PROVIDED MATERIAL:
------------------------------------

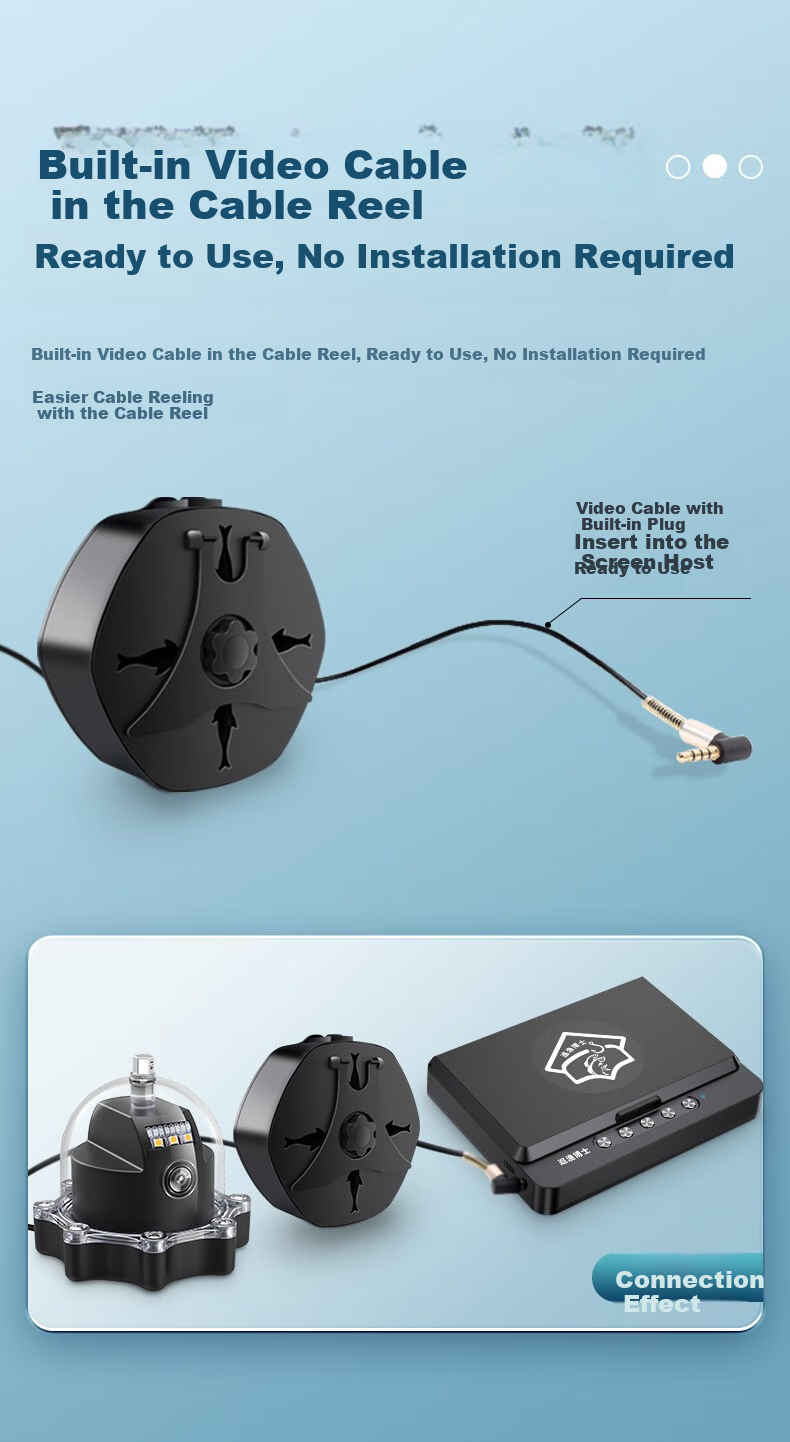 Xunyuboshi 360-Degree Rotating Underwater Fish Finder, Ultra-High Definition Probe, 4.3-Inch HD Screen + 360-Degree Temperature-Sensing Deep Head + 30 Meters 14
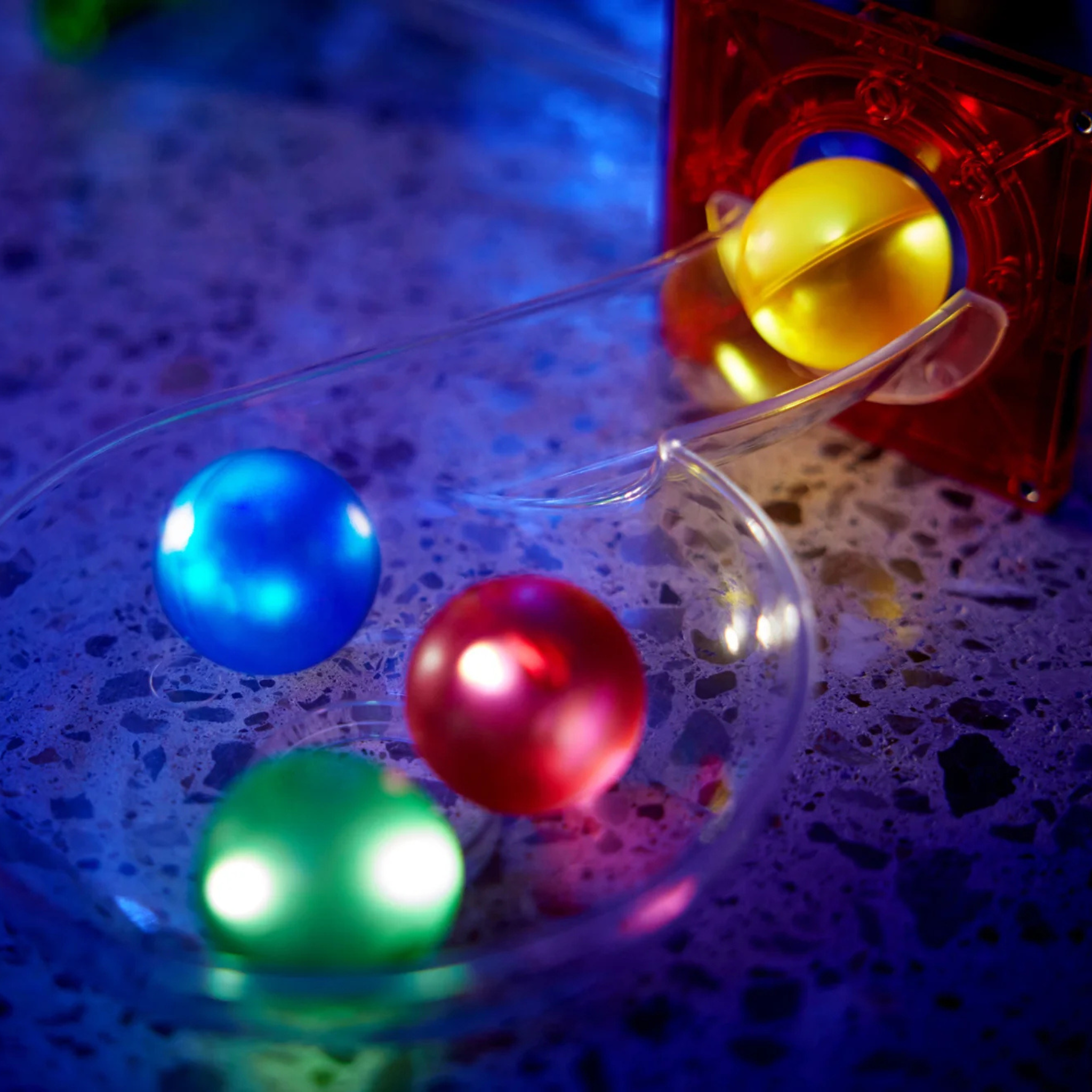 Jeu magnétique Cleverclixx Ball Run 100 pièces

------------------------------------

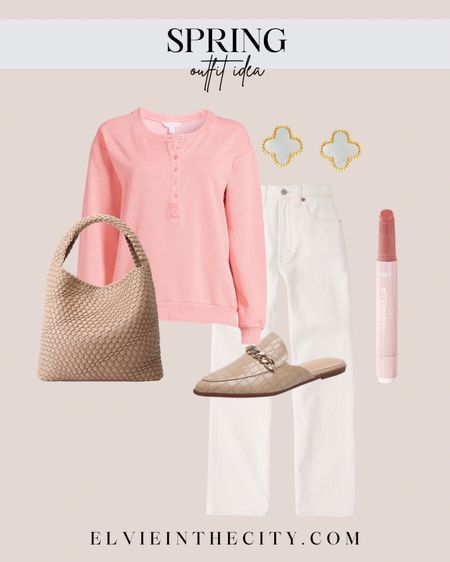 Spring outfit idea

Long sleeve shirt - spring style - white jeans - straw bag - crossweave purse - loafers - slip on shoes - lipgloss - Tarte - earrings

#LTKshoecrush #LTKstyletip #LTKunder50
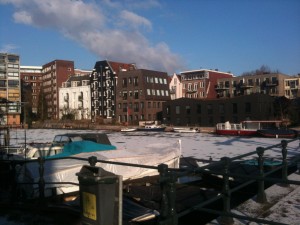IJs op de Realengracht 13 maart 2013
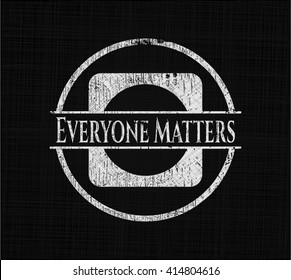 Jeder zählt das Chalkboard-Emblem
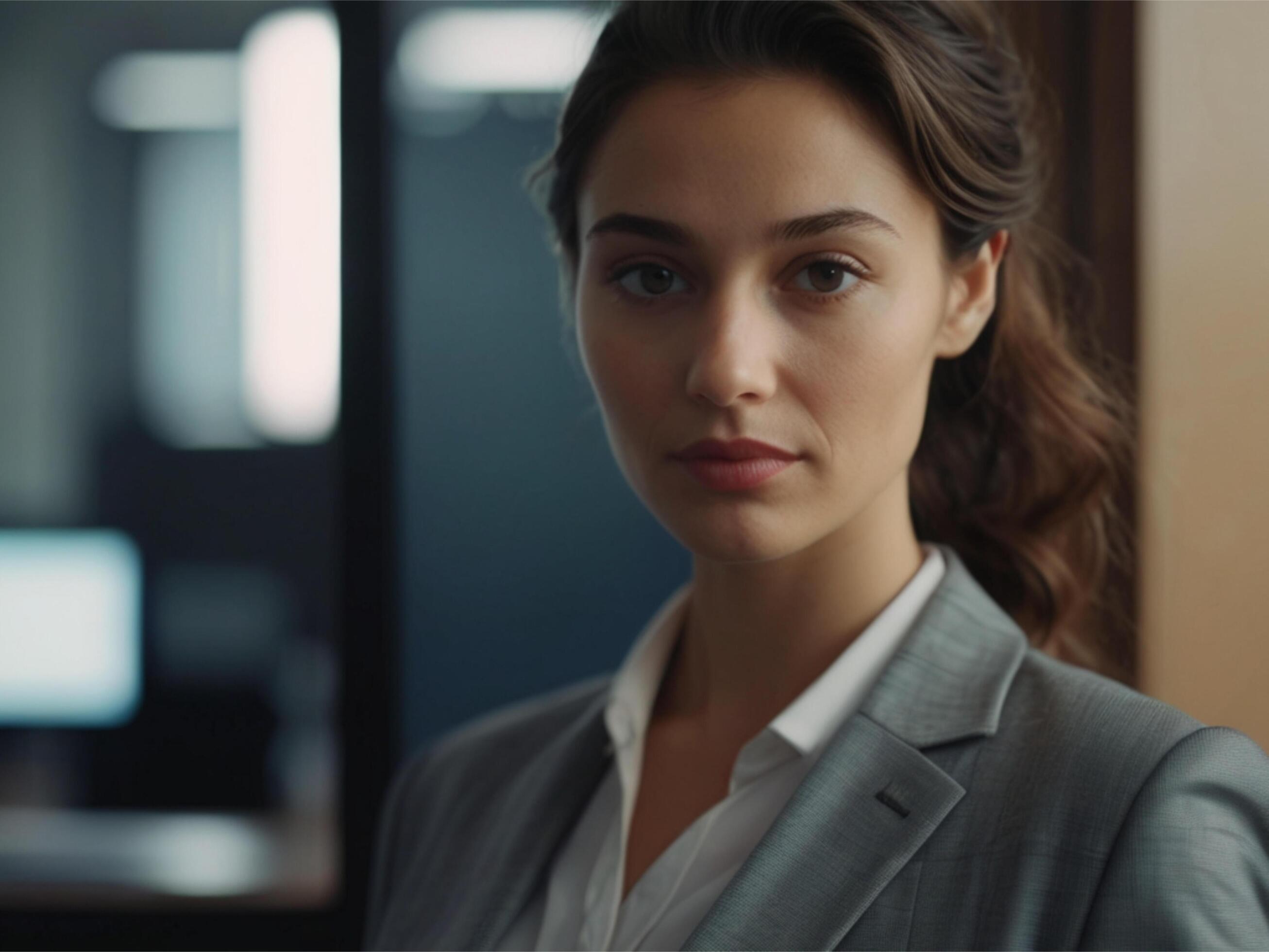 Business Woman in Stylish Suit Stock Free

------------------------------------

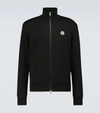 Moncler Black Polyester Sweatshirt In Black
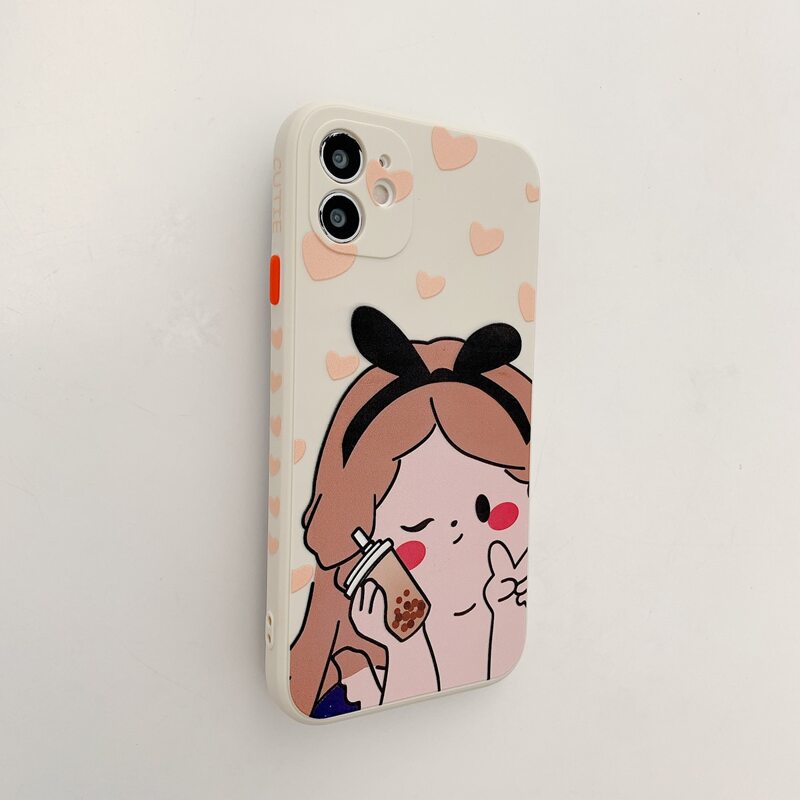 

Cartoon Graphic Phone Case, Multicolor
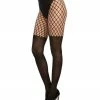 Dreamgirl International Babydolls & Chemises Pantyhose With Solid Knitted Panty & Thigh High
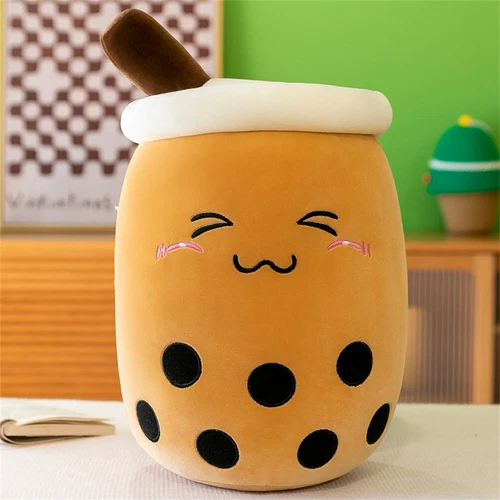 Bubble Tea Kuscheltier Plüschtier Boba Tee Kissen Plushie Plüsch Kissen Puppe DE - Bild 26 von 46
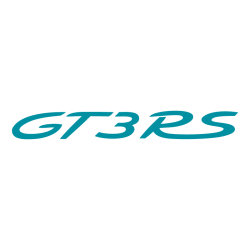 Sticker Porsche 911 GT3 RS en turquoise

------------------------------------

TASK DESCRIPTION: Set the pictures aside and reproduce exactly the lines above, from the line holding "Bubble Tea Kuscheltier" through the line holding "Sticker Porsche 911 GT3 RS en turquoise", both included, with nothing else.

WRITTEN RESPONSE:
 Bubble Tea Kuscheltier Plüschtier Boba Tee Kissen Plushie Plüsch Kissen Puppe DE - Bild 26 von 46
 Sticker Porsche 911 GT3 RS en turquoise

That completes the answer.